* [Assigned task]: Please repeat exactly the lines from the one containing "Pioneer Automotive Industries" through the last line of the records, both included, and nothing else, leaving out any pictures.

[Records from a data collection]

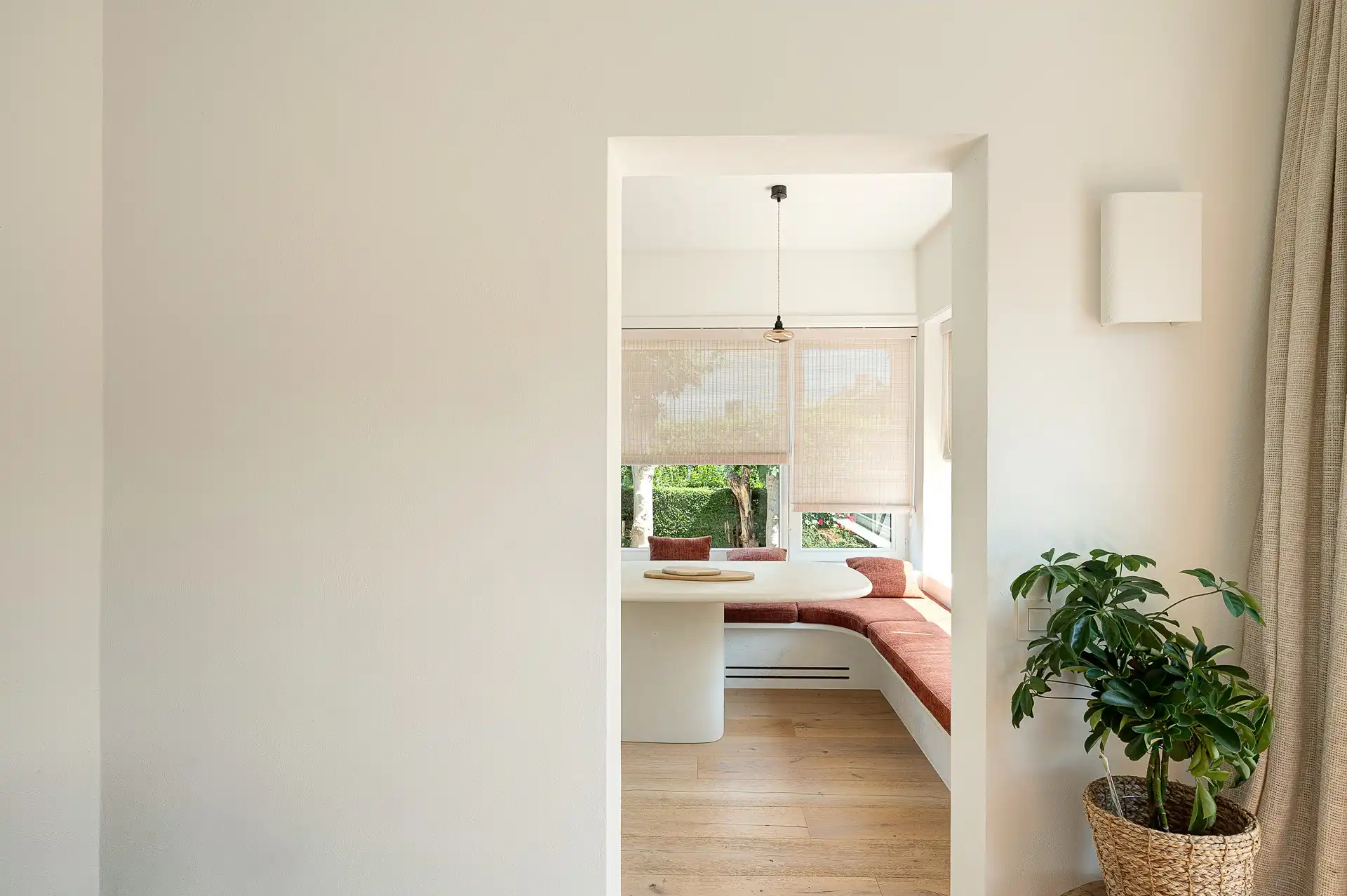 Prachtige villa op toplocatie nabij het Zegemeer in Knokke foto 13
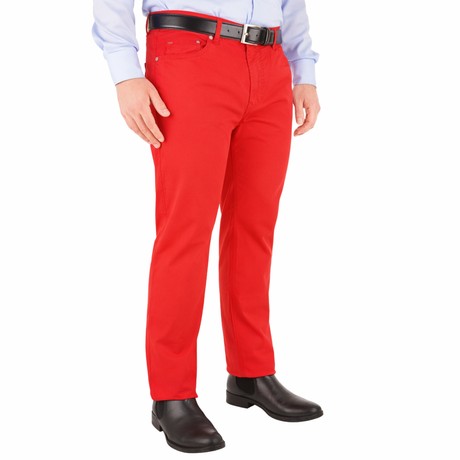 HARMONT & BLAINE &mdash; WND0010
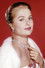 Martha Hyer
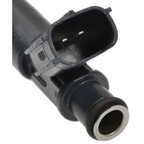 Standard Ignition FJ414 Fuel Injector - view 4
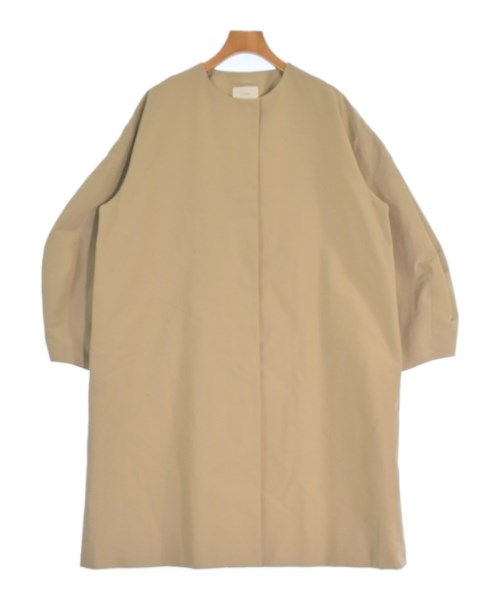 LIFiLL เสื้อโค้ท อื่น
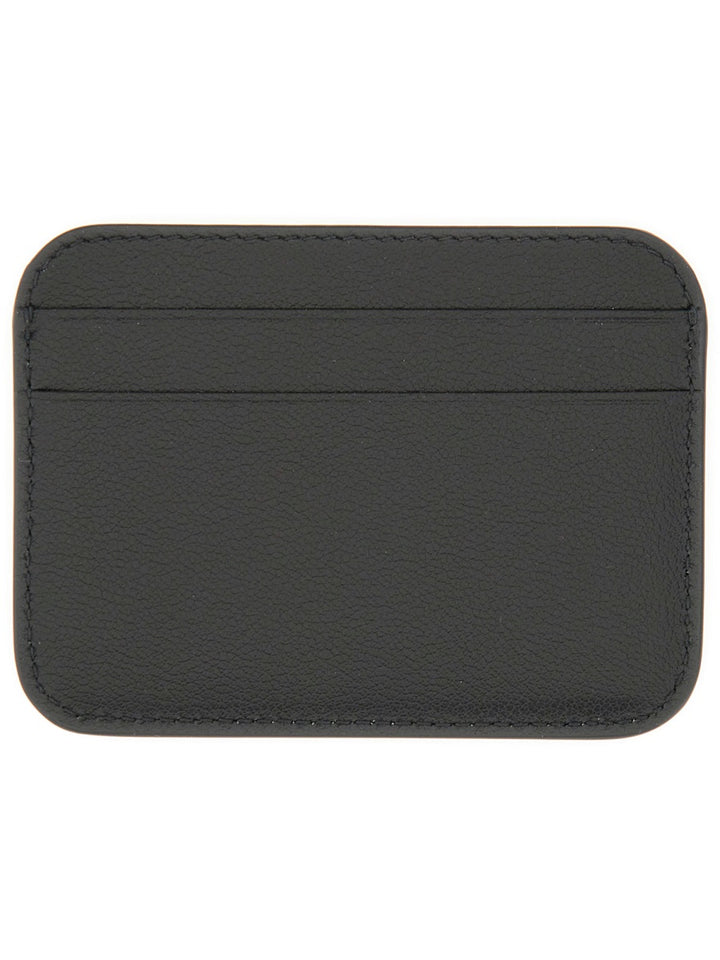 Balenciaga Wallets & Pures - Black | 59478ffb9d1d41da165a396612470a24553073da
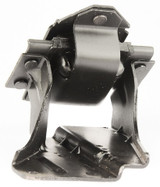 Pioneer Automotive Industries Engine Mount 603416 - view 2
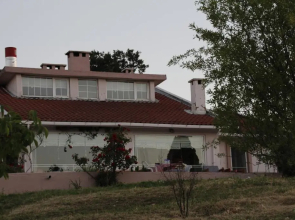 Köy Evi Country House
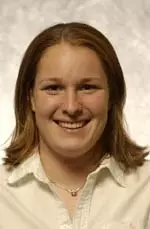 Molly Luft WEB 4084-086.jpg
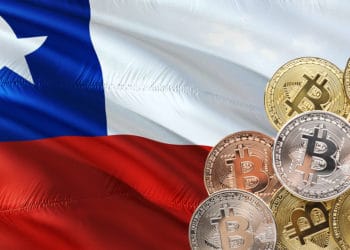 compra intercambios alza valor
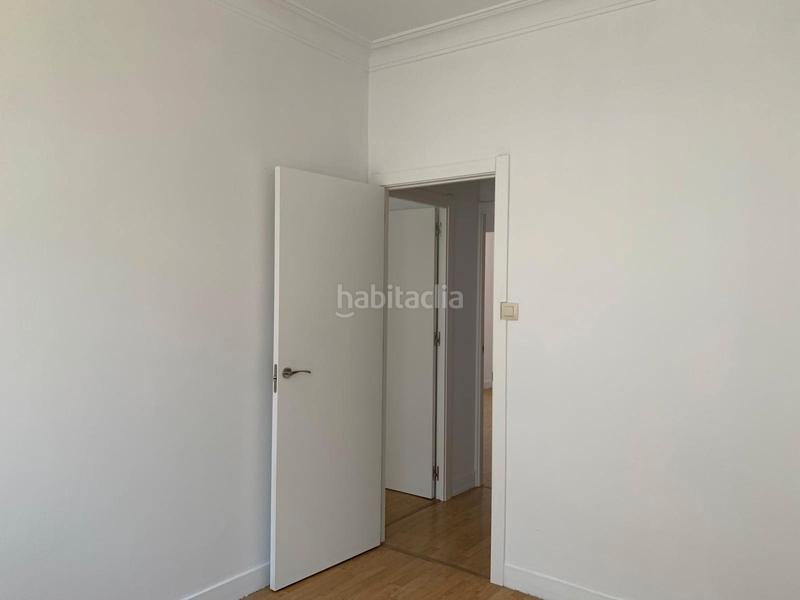 Foto ca211a18-da76-4545-9ae7-769bb4e98685. Appartamento in rúa paraguai 1 in Zona Ultramar Ferrol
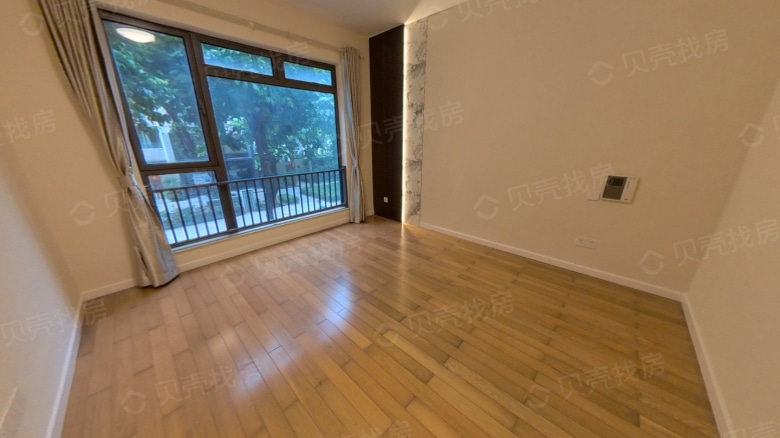 Donghua Jiayuan Phase I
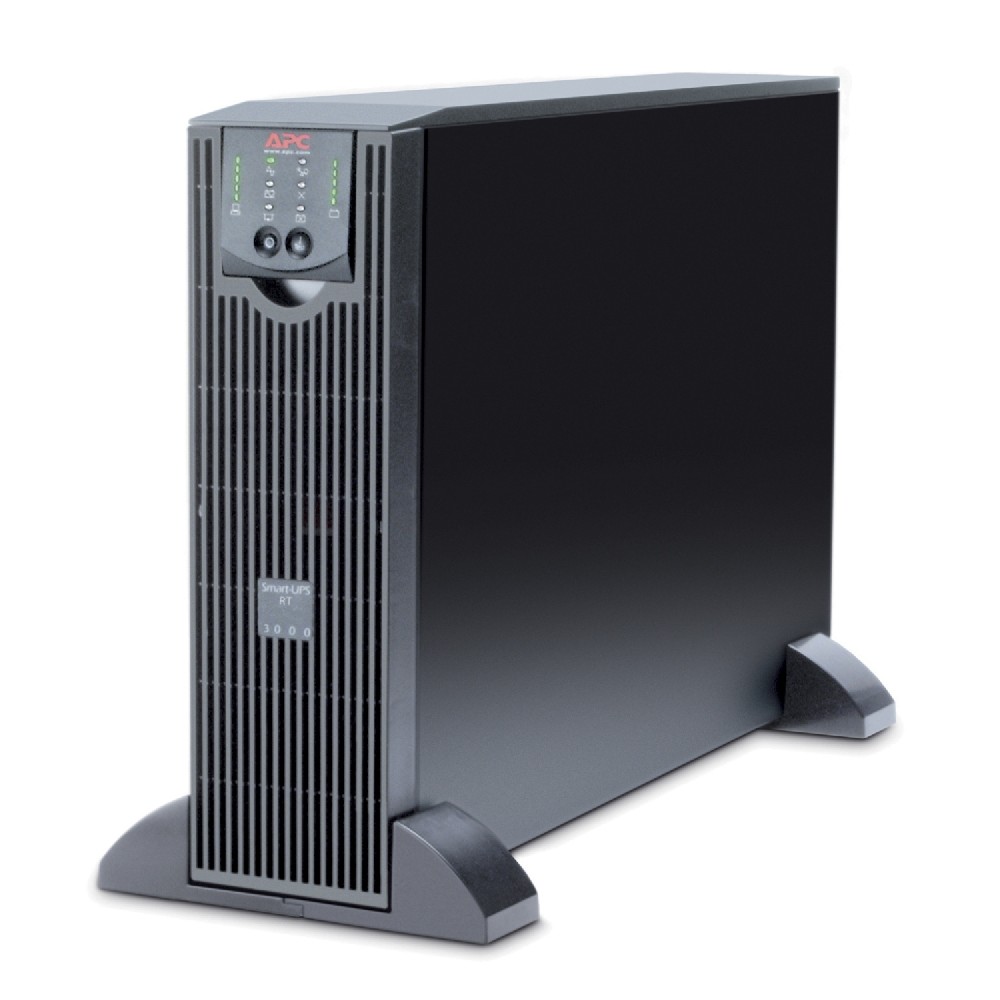 SURT3000UXICH APC UPS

* [Expected answer]:
 Pioneer Automotive Industries Engine Mount 603416 - view 2
 Köy Evi Country House
 Molly Luft WEB 4084-086.jpg
 compra intercambios alza valor
 Foto ca211a18-da76-4545-9ae7-769bb4e98685. Appartamento in rúa paraguai 1 in Zona Ultramar Ferrol
 Donghua Jiayuan Phase I
 SURT3000UXICH APC UPS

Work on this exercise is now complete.